On the other hand, you can represent the ordinals recursively as monotonically nondecreasing sequences of smaller ordinals, and then define an undecidable $\leq$ relation: An ordinal $(\alpha_i)$ is greater than or equal to $(\beta_i)$ if for every element of $\beta_j$ there is an element $\alpha_i$ such that $\alpha_i \geq \beta_j$. I struggle to see how this could be useful though.
nLab also mentions the Plump Ordinals, but I'm not sure what they are.

For an application, let $\mathrm{On}$, denote the class of all ordinals. Let $\alpha : \mathrm{On} \to \mathbb{R}$ be a mapping from $\mathrm{On}$ to real numbers. For any finite set $S = \{i_1, \ldots, i_n\} \subseteq \mathrm{On}$ where $i_1 < \cdots < i_n$, define the quantity
$${\mathcal K}_S(\alpha) = \sqrt{\alpha_{i_1}^{2^1} +
\sqrt{\alpha_{i_2}^{2^2} + \cdots \sqrt{\alpha_{i_n}^{2^n}}}
}$$
Say that a real $\mathcal{K}(\alpha)$ is the limit of $S \mapsto \mathcal{K}_S(\alpha)$ when for every $\epsilon > 0$ there exists a finite $S \subseteq \mathrm{On}$ such that for all finite $T \subseteq \mathrm{On}$, if $S \subseteq T$ then $|\mathcal{K}_S(\alpha) - \mathcal{K}(\alpha)| < \epsilon$.
Examples:


*

*if $\alpha_n = 2$ then $\mathcal{K}(\alpha) = \sqrt{2^{2^1} + \sqrt{2^{2^2} + \sqrt{2^{2^3} + \dotsb}}} = 2\phi$ where $\phi$ is the Golden ratio.
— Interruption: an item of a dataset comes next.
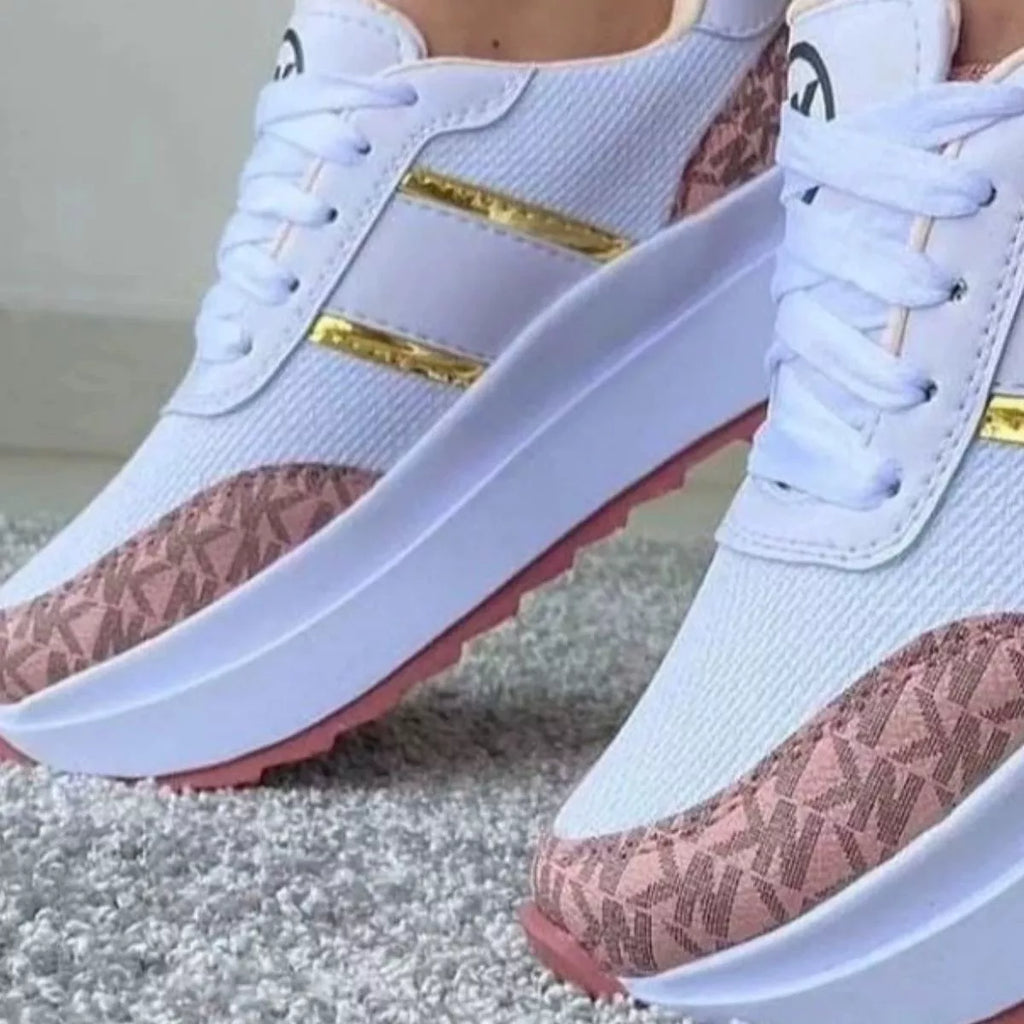 Round Toe Platform Sneakers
*given $x \in \mathbb{R}$, take
$$\alpha_n = \begin{cases}
1 & \text{if $n \neq \omega$,}\\
x & \text{if $n = \omega$}
\end{cases}$$
Then $\mathcal{K}(\alpha)$ is the limit if the sequence
$x, \sqrt{1+x^2}, \sqrt{1+\sqrt{1+x^4}}, \sqrt{1+\sqrt{1+\sqrt{1+x^8}}}, \ldots$. This is a continued radical which is "transfinite".
 A: The ordinals in constructive mathematics are not as well-behaved as in classical mathematics. For example, if they are linearly ordered the excluded middle holds. There are appropriate substitutes, such as well-founded orders and inductive types. If you told us what you need the constructive ordinals for, we might be able to tell you what to use instead.
There are several possible definitions of ordinals which are classically equivalent but are intuitionistically distinct. For further reading I recommend
the material available on Paul Taylor's web page summarizing his work on induction, recursion, replacement and the ordinals. Plump ordinals were defined in "Intuitionistic Sets and Ordinals", available on the web page.
Supplemental: If I understand your application correctly, then it has nothing to do with ordinal notations, ordinal representations, or intuitionistic ordinals. It is a case of the limit of a net from topology. Specifically, let $D$ be the set of all finite subsets of the index set $I$ of ordinals (from your application), ordered by $\subseteq$. Then $D$ is a directed set, and the number $\mathcal{K}(\alpha)$ is precisely the limit of the map $f : D \to \mathbb{R}$ defined by $f(S) = \mathcal{K}_S(\alpha)$.